*Exercise aim:* Each record below is to be restated word for word.

*Stored items from a collection:*
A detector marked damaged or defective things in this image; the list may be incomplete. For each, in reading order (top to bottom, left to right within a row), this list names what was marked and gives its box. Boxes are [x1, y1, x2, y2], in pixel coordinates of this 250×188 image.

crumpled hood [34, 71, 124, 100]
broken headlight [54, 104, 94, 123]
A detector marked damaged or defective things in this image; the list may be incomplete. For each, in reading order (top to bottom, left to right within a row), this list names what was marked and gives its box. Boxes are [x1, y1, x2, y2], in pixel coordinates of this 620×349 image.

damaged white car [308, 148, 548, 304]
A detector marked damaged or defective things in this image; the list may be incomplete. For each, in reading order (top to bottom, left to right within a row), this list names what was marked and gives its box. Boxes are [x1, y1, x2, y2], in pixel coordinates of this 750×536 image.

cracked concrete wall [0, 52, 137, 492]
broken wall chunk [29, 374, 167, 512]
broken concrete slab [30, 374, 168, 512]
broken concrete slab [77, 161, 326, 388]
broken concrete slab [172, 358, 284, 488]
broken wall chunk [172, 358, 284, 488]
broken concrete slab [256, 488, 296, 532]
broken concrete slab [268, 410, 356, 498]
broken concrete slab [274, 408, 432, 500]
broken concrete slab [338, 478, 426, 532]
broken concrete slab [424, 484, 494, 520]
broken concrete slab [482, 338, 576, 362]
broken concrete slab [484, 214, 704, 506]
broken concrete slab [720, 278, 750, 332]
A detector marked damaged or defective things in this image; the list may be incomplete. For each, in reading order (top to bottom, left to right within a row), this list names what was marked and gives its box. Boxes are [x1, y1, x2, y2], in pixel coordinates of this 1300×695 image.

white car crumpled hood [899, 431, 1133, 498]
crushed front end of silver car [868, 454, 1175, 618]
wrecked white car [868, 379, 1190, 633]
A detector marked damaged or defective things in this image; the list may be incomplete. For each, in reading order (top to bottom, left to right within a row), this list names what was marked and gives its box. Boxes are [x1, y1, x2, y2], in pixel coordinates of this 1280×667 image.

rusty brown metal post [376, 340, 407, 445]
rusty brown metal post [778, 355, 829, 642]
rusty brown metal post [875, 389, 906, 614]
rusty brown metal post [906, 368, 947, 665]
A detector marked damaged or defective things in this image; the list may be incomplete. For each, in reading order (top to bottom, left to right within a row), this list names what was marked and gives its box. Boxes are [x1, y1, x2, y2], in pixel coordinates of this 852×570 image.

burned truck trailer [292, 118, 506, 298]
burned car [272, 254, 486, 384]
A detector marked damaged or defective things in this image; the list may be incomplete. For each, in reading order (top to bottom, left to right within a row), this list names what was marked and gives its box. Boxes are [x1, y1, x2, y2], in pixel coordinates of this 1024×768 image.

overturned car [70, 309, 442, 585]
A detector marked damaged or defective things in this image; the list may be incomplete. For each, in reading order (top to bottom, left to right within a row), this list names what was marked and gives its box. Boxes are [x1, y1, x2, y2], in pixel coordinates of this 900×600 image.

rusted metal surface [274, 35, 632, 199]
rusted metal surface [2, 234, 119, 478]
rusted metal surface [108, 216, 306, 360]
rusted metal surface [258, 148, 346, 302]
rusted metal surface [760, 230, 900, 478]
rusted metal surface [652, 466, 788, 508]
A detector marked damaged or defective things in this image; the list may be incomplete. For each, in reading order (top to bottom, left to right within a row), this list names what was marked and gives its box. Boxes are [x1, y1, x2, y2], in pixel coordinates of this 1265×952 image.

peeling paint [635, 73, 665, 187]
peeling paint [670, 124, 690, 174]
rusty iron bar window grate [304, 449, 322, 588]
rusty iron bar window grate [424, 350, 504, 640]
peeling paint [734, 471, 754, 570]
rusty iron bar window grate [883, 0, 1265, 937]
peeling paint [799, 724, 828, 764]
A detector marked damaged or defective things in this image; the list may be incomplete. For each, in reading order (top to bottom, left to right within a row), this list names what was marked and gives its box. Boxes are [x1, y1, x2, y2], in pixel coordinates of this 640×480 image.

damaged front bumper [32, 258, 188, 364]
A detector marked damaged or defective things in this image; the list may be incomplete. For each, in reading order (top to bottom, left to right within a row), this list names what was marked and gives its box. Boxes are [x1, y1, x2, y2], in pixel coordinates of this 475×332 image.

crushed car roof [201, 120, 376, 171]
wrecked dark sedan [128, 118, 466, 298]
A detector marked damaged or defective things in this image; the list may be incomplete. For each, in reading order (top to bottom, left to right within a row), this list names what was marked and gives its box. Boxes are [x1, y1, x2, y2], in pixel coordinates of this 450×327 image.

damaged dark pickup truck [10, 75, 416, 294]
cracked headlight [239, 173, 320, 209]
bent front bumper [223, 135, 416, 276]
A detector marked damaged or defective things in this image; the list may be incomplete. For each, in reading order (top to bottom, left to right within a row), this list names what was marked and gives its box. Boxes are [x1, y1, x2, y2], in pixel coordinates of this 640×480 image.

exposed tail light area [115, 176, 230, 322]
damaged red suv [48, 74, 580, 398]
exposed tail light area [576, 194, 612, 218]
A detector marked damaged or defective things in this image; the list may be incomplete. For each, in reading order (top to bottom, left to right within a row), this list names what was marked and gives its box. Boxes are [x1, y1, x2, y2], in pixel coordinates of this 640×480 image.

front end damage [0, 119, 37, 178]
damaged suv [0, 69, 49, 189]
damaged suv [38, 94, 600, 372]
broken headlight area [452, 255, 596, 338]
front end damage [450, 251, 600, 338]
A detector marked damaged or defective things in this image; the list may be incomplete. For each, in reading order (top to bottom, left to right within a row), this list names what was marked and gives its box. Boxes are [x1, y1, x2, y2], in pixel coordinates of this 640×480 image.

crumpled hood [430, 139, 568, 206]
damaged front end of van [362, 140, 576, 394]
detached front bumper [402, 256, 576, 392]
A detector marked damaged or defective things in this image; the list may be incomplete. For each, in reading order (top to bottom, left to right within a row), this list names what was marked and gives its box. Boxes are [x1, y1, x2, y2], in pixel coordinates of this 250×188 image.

*Solution for this problem:*
A detector marked damaged or defective things in this image; the list may be incomplete. For each, in reading order (top to bottom, left to right within a row), this list names what was marked and gives its box. Boxes are [x1, y1, x2, y2], in pixel coordinates of this 250×188 image.

crumpled hood [34, 71, 124, 100]
broken headlight [54, 104, 94, 123]
A detector marked damaged or defective things in this image; the list may be incomplete. For each, in reading order (top to bottom, left to right within a row), this list names what was marked and gives its box. Boxes are [x1, y1, x2, y2], in pixel coordinates of this 620×349 image.

damaged white car [308, 148, 548, 304]
A detector marked damaged or defective things in this image; the list may be incomplete. For each, in reading order (top to bottom, left to right within a row), this list names what was marked and gives its box. Boxes are [x1, y1, x2, y2], in pixel coordinates of this 750×536 image.

cracked concrete wall [0, 52, 137, 492]
broken wall chunk [29, 374, 167, 512]
broken concrete slab [30, 374, 168, 512]
broken concrete slab [77, 161, 326, 388]
broken concrete slab [172, 358, 284, 488]
broken wall chunk [172, 358, 284, 488]
broken concrete slab [256, 488, 296, 532]
broken concrete slab [268, 410, 356, 498]
broken concrete slab [274, 408, 432, 500]
broken concrete slab [338, 478, 426, 532]
broken concrete slab [424, 484, 494, 520]
broken concrete slab [482, 338, 576, 362]
broken concrete slab [484, 214, 704, 506]
broken concrete slab [720, 278, 750, 332]
A detector marked damaged or defective things in this image; the list may be incomplete. For each, in reading order (top to bottom, left to right within a row), this list names what was marked and gives its box. Boxes are [x1, y1, x2, y2], in pixel coordinates of this 1300×695 image.

white car crumpled hood [899, 431, 1133, 498]
crushed front end of silver car [868, 454, 1175, 618]
wrecked white car [868, 379, 1190, 633]
A detector marked damaged or defective things in this image; the list may be incomplete. For each, in reading order (top to bottom, left to right within a row), this list names what was marked and gives its box. Boxes are [x1, y1, x2, y2], in pixel coordinates of this 1280×667 image.

rusty brown metal post [376, 340, 407, 445]
rusty brown metal post [778, 355, 829, 642]
rusty brown metal post [875, 389, 906, 614]
rusty brown metal post [906, 368, 947, 665]
A detector marked damaged or defective things in this image; the list may be incomplete. For each, in reading order (top to bottom, left to right within a row), this list names what was marked and gives its box. Boxes are [x1, y1, x2, y2], in pixel coordinates of this 852×570 image.

burned truck trailer [292, 118, 506, 298]
burned car [272, 254, 486, 384]
A detector marked damaged or defective things in this image; the list may be incomplete. For each, in reading order (top to bottom, left to right within a row), this list names what was marked and gives its box. Boxes are [x1, y1, x2, y2], in pixel coordinates of this 1024×768 image.

overturned car [70, 309, 442, 585]
A detector marked damaged or defective things in this image; the list may be incomplete. For each, in reading order (top to bottom, left to right within a row), this list names what was marked and gives its box. Boxes are [x1, y1, x2, y2], in pixel coordinates of this 900×600 image.

rusted metal surface [274, 35, 632, 199]
rusted metal surface [2, 234, 119, 478]
rusted metal surface [108, 216, 306, 360]
rusted metal surface [258, 148, 346, 302]
rusted metal surface [760, 230, 900, 478]
rusted metal surface [652, 466, 788, 508]
A detector marked damaged or defective things in this image; the list may be incomplete. For each, in reading order (top to bottom, left to right within a row), this list names what was marked and gives its box. Boxes are [x1, y1, x2, y2], in pixel coordinates of this 1265×952 image.

peeling paint [635, 73, 665, 187]
peeling paint [670, 124, 690, 174]
rusty iron bar window grate [304, 449, 322, 588]
rusty iron bar window grate [424, 350, 504, 640]
peeling paint [734, 471, 754, 570]
rusty iron bar window grate [883, 0, 1265, 937]
peeling paint [799, 724, 828, 764]
A detector marked damaged or defective things in this image; the list may be incomplete. For each, in reading order (top to bottom, left to right within a row), this list names what was marked and gives its box. Boxes are [x1, y1, x2, y2], in pixel coordinates of this 640×480 image.

damaged front bumper [32, 258, 188, 364]
A detector marked damaged or defective things in this image; the list may be incomplete. For each, in reading order (top to bottom, left to right within a row), this list names what was marked and gives its box. Boxes are [x1, y1, x2, y2], in pixel coordinates of this 475×332 image.

crushed car roof [201, 120, 376, 171]
wrecked dark sedan [128, 118, 466, 298]
A detector marked damaged or defective things in this image; the list may be incomplete. For each, in reading order (top to bottom, left to right within a row), this list names what was marked and gives its box. Boxes are [x1, y1, x2, y2], in pixel coordinates of this 450×327 image.

damaged dark pickup truck [10, 75, 416, 294]
cracked headlight [239, 173, 320, 209]
bent front bumper [223, 135, 416, 276]
A detector marked damaged or defective things in this image; the list may be incomplete. For each, in reading order (top to bottom, left to right within a row), this list names what was marked and gives its box. Boxes are [x1, y1, x2, y2], in pixel coordinates of this 640×480 image.

exposed tail light area [115, 176, 230, 322]
damaged red suv [48, 74, 580, 398]
exposed tail light area [576, 194, 612, 218]
A detector marked damaged or defective things in this image; the list may be incomplete. For each, in reading order (top to bottom, left to right within a row), this list names what was marked and gives its box. Boxes are [x1, y1, x2, y2], in pixel coordinates of this 640×480 image.

front end damage [0, 119, 37, 178]
damaged suv [0, 69, 49, 189]
damaged suv [38, 94, 600, 372]
broken headlight area [452, 255, 596, 338]
front end damage [450, 251, 600, 338]
A detector marked damaged or defective things in this image; the list may be incomplete. For each, in reading order (top to bottom, left to right within a row), this list names what was marked and gives its box. Boxes are [x1, y1, x2, y2], in pixel coordinates of this 640×480 image.

crumpled hood [430, 139, 568, 206]
damaged front end of van [362, 140, 576, 394]
detached front bumper [402, 256, 576, 392]
A detector marked damaged or defective things in this image; the list may be incomplete. For each, in reading order (top to bottom, left to right within a row), this list names what was marked and gives its box. Boxes are [x1, y1, x2, y2], in pixel coordinates of this 250×188 image.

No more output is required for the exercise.